Da realizadora francesa Coralie Fargeat, que em 2017 se estreou nas longas-metragens com o surpreendente, violento e muito aconselhável “Revenge”, chega-nos agora “The Substance”, protagonizado por Demi Moore e Margaret Qualley. Neste filme premiado no Festival Cannes com o Melhor Argumento, partimos para uma verdadeira experiência de body horror visceral que mergulha profundamente no desejo de permanência física e na obsessão pela juventude eterna numa indústria do entretenimento que vive maioritariamente da imagem.
Coralie Fargeat, já conhecida desde esse seu primeiro filme pelo seu estilo ousado, oferece uma visão crítica do culto à celebridade e da pressão estética que paira sobre as estrelas de Hollywood e que é exercida pelos “donos” da indústria, aqui protagonizado por um Dennis Quaid “em ácidos” e opinativo sobre a estética feminina. Habilmente, “The Substance” usa o horror físico não apenas para chocar, mas como uma metáfora poderosa da degradação emocional e física que a busca por fama e juventude pode acarretar. Em suma, o preço a pagar pelo nosso bem mais precioso, o tempo.
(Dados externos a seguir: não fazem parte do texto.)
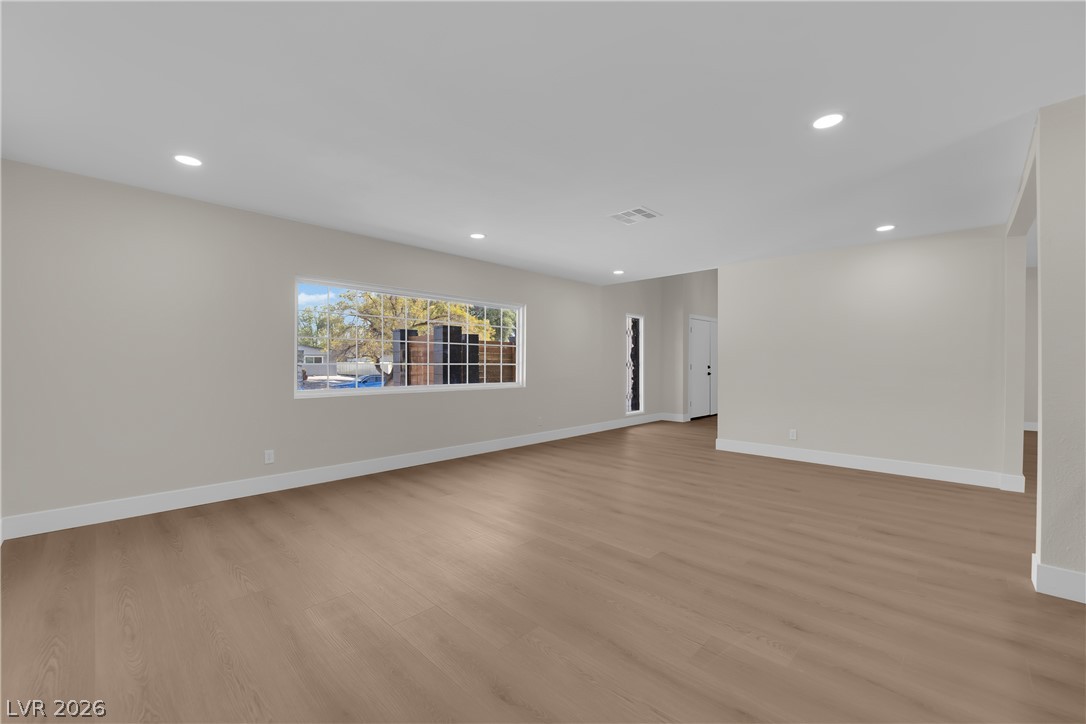 Photo 10 of 59, 2809 Mason Avenue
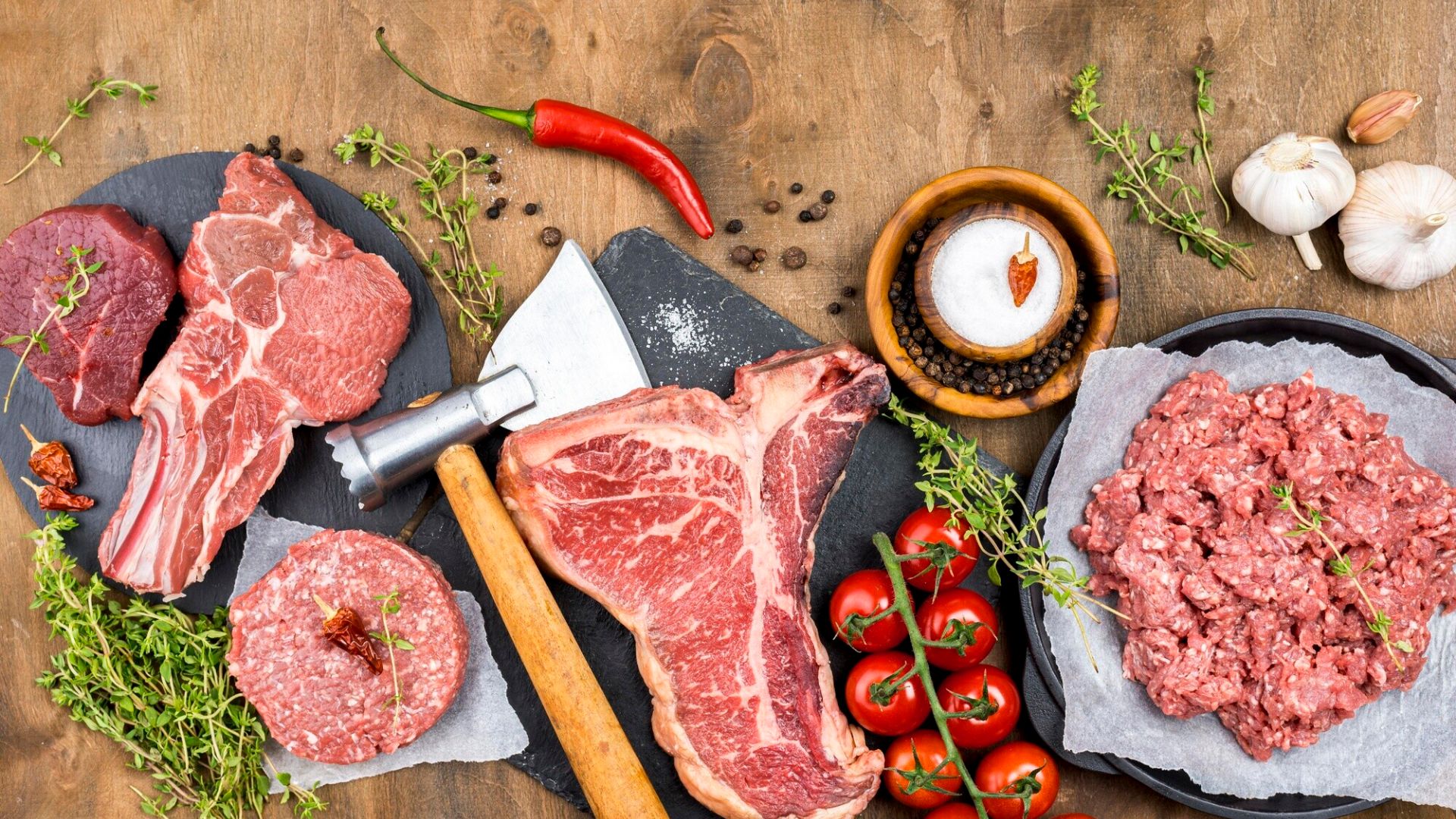 Thực phẩm giàu sắt là câu trả lời cho câu hỏi phụ nữ bị băng huyết nên ăn gì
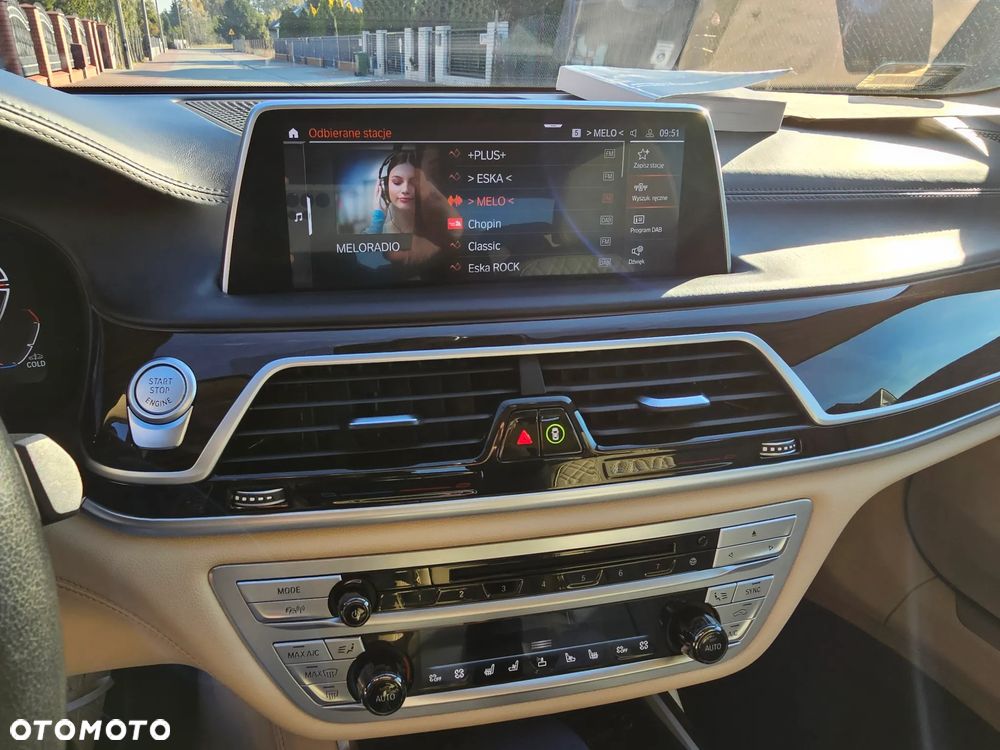 BMW Seria 7 730d mHEV - 27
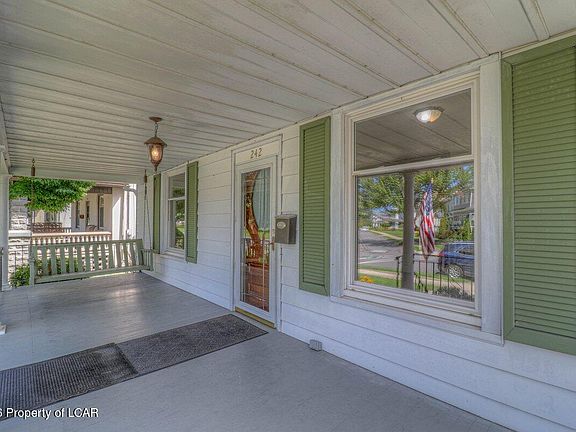 4th image of 242 E Pettebone St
O enredo segue a personagem de Demi Moore, uma atriz veterana que, pressionada pela relevância e pela sombra de uma carreira em declínio, vê nos tratamentos extremos de rejuvenescimento uma esperança de renovação e novo impulso profissional. Neste caso concreto esse tratamento é uma “substância” em forma de “elixir da juventude”, que deve ser tomada com precauções e que faz sair de dentro de nós uma versão renovada, interpretada por Margaret Qualley que representa o contraste: a nova geração pronta para tomar o lugar das veteranas, mas igualmente exposta às armadilhas da fama. O relacionamento entre ambas gera uma tensão intensa que explode em momentos de puro horror, deixando claro o impacto psicológico que a indústria exerce sobretudo — e especialmente — sobre a Mulher.
A escolha de Fargeat por um estilo visual punk muitas vezes de ângulos e influência kubrickianas contribui para a atmosfera frenética do filme, onde os limites entre o grotesco e o sublime se tornam cada vez mais ténues. A estética saturada e distorcida leva-nos para a mente fragmentada das personagens e amplifica a desconexão entre a sua aparência externa e os conflitos que enfrentam internamente. Esse “body horror” — ou “horror corporal” no nosso português — é um dos pontos altos do filme e Fargeat explora o género de forma criativa, transformando a degradação física num ato de resistência feminina que só nos poderia ser trazido por uma realizadora, na forma como explora e usa o corpo da mulher para proveito da mensagem a passar. Ainda em forma de nota de rodapé, deixa-se para complementar a este “The Substance” as recomendações pelo também punk “Titane”, de Julia Ducournau e o mais recente e repleto de humor negro (bem ao estilo norueguês) “Sick of Myself”.
Uma palavra especial para o casting de Demi Moore, que não é aleatório ou ocasional. Tal como a personagem por si interpretada, Demi Moore esteve ao longo de toda a sua carreira um pouco refém da sua própria imagem e presa a um typecast, pelo que se trata de um papel quase auto-biográfico e que aqui transporta a atriz para um papel de carreira, à semelhança do que Michael Keaton teve em “Birdman”, em parte pelas mesmas razões.
“The Substance” é, acima de tudo, uma obra feminista que questiona os sacrifícios exigidos às mulheres na indústria cinematográfica, especialmente à medida que envelhecem. Moore e Qualley são duas faces da mesma moeda/corpo que nos deixam performances arrepiantes e íntimas, que vão além do terror físico, mergulhando na vulnerabilidade emocional das suas personagens e expondo-se sem barreiras. O filme deixa uma reflexão poderosa sobre o preço da fama e a necessidade de aceitação num mundo que idolatra o “novo” e a permanente renovação do ser e da estética. “The Substance” é uma experiência desconcertante e impactante que nos fica a ressoar na mente, sugerindo que, por mais que se altere a aparência, a verdade sobre a natureza humana continua sempre em nós.